The problem is actually due to the geometry of the UV Spheres and how this is interacting with the self-collision as it results in intersecting collision spheres at the start of the simulation resulting in inconsistencies from the start. To understand this you first need to understand a little about how the self-collision works.
Soft Body self-collision acts on the vertices of the mesh - with each vertex being modelled as a sphere that repels any other vertex an each sphere sized independently based on the surrounding mesh. Within the Self Collision properties panel you can configure how Blender calculates the self collision spheres with options of Manual (set a single size for all vertices), Average (set each ball based on the average of the lengths of all of the connected edges), Minimal (based on the shortest connected edge), Maximal (based on the longest connected edge), AvMinMax (based on the average of the shortest and the longest connected edge). The default is to use the Average.
Now consider the geometry of a UV Sphere - particularly at the poles.
At the pole you have a single vertex surrounded by a large number of edges - this should not cause a problem as the collision ball will be based on those edges.
Considering the next row of vertices you should see the problem :
Each vertex in this row has two close neighbours and two much more distant neighbours - actually about 5 times as distance as the closest.
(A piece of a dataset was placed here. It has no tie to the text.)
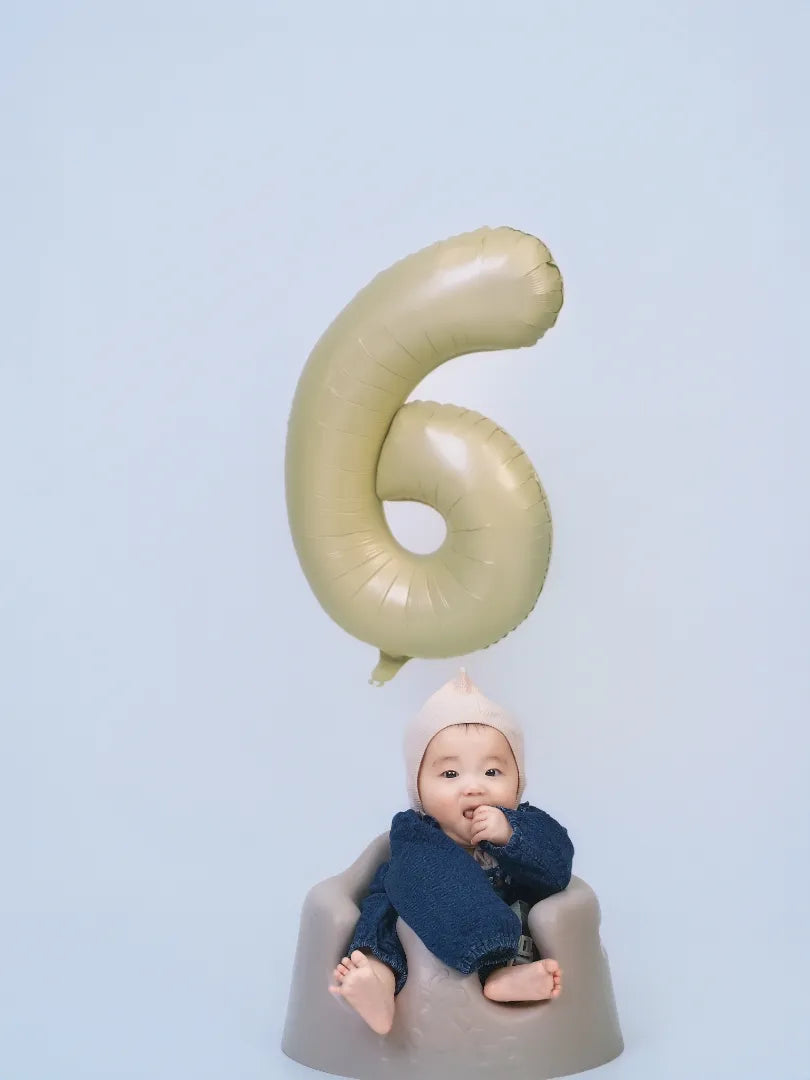 数字の6の風船と一緒に笑顔を見せる赤ちゃんのハーフバースデーフォト。仙台フォトスタジオQnNe(キュンネ)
Using the 'Average' method of ball sizing results in collision balls that are larger than the distance to the next nearest neighbour (ie, if the shorter distance were 1BU then average would equal
(1+1+5+5)/4 = 12/4 = 3BU. The default 'ball size' is 0.49, resulting in a ball size of
3*0.49 = 1.47BU - so the vertices are considered as being instantly 'in collision' - and they repel each other.
The solution (to prevent them collapsing) is to change the self-collision ball size to prevent this initial intersection. This can be achieved by changing from 'Average' to 'Minimal' - so that rather than 1.47BU in the above example, the initial size would be 0.49BU so the collision balls would always be separated.
Of course, this doesn't explain why when the spheres are duplicated as in the original example only some of them distort in this way. I suspect that this is actually a bug - although, arguably, it is having to deal with a mesh which is not really suited to Soft Body simulation (as it has vertices with neighbours that are at radically different distances).
The other solution is to use better soft-body-friendly geometry such as Icosphere.